Kepler was a space telescope designed to survey a portion of the Milky Way galaxy in search of exoplanets, which are planets outside our solar system.
Using data from the Kepler mission and the extended K2 mission, scientists have identified more than 2,800 candidate exoplanets and have confirmed more than 2,600 of these as bona fide planets. A handful of planets are thought to be rocky like Earth (but a bit bigger), and orbit in the habitable zone of their stars, where liquid water - an essential ingredient of life as we know it - might exist.
In 2013, Kepler was assigned a new mission called "K2." Two of the spacecraft's reaction wheels had failed, so engineers came up with a clever scheme to redesign the mission. K2 still hunted for planets, but it scanned a larger swath of sky than before, along the ecliptic plane.

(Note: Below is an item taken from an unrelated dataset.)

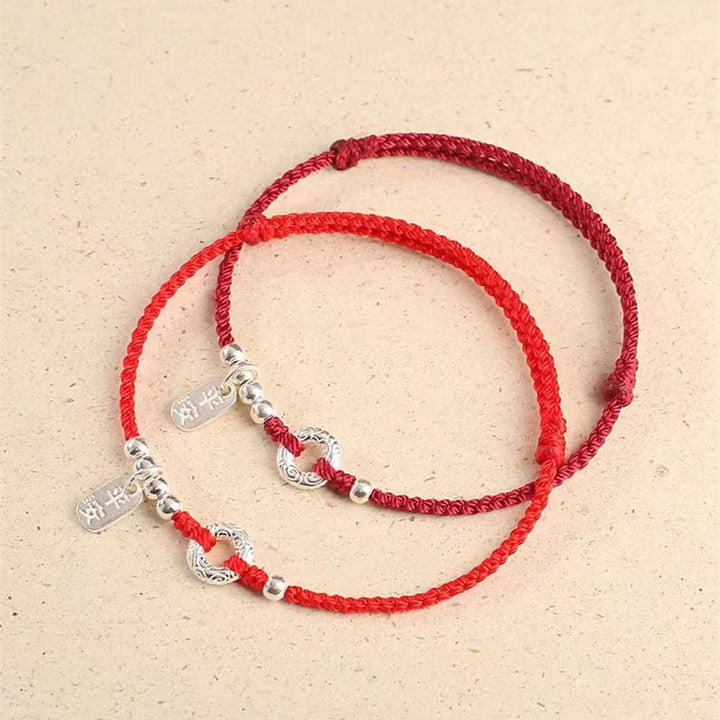 Bracelet de cheville en argent sterling 925 Buddha Stones et nuages de bon augure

The mission began new types of research as well, such as the study of objects within our solar system, exploded stars, and distant supermassive black holes at the hearts of galaxies.

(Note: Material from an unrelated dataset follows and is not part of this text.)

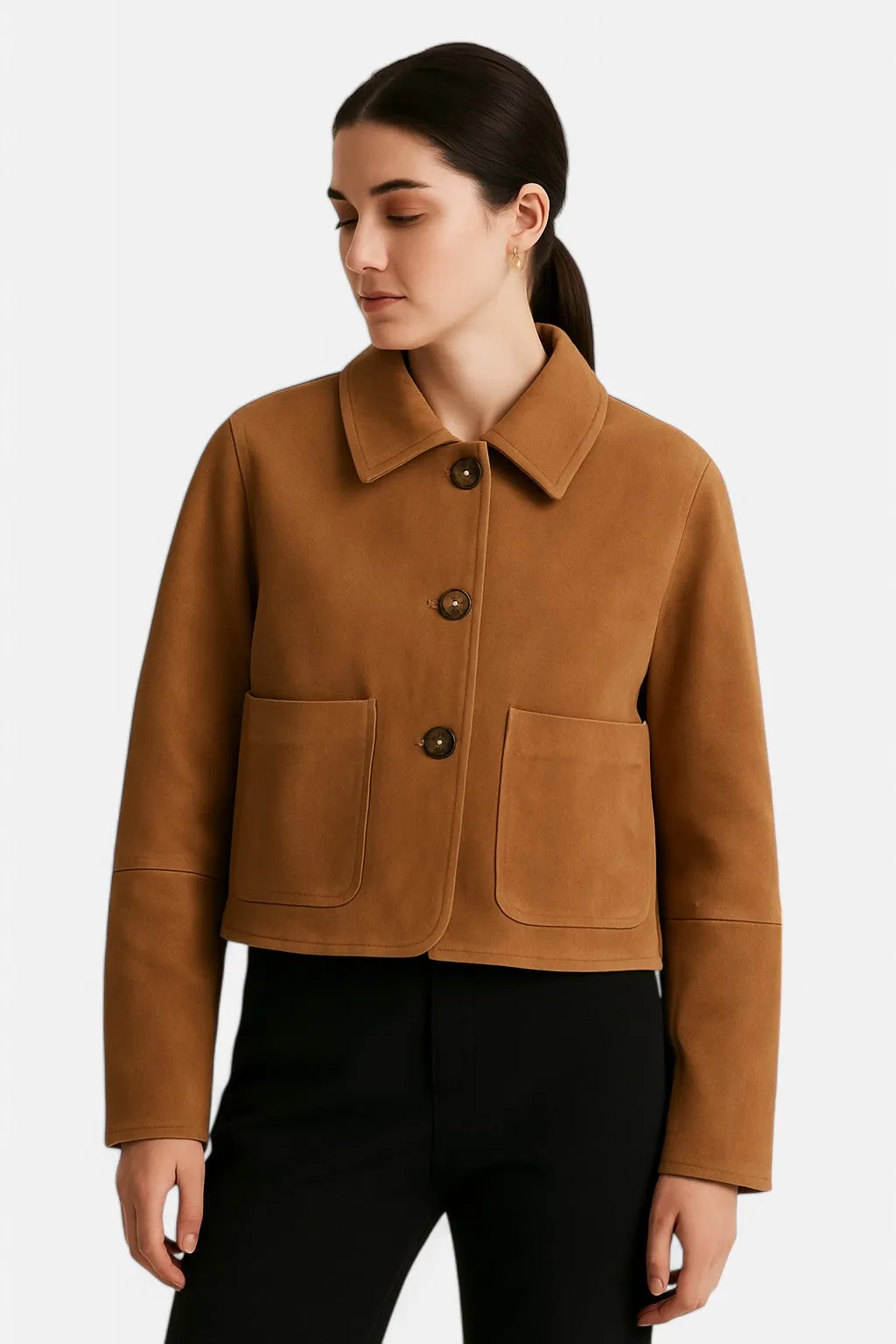 Monacogents | Suede Leather Short Jacket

After nine years in deep space collecting data that indicate our sky to be filled with billions of hidden planets - more planets even than stars - NASA's Kepler space telescope has run out of fuel needed for further science operations. NASA has decided to retire the spacecraft within its current, safe orbit, away from Earth. Kepler leaves a legacy of more than 2,600 planet discoveries from outside our solar system, many of which could be promising places for life.
October 30, 2018 - End of Mission (ran out of fuel)
More than 2,600 planet discoveries from outside our solar system, many of which could be promising places for life.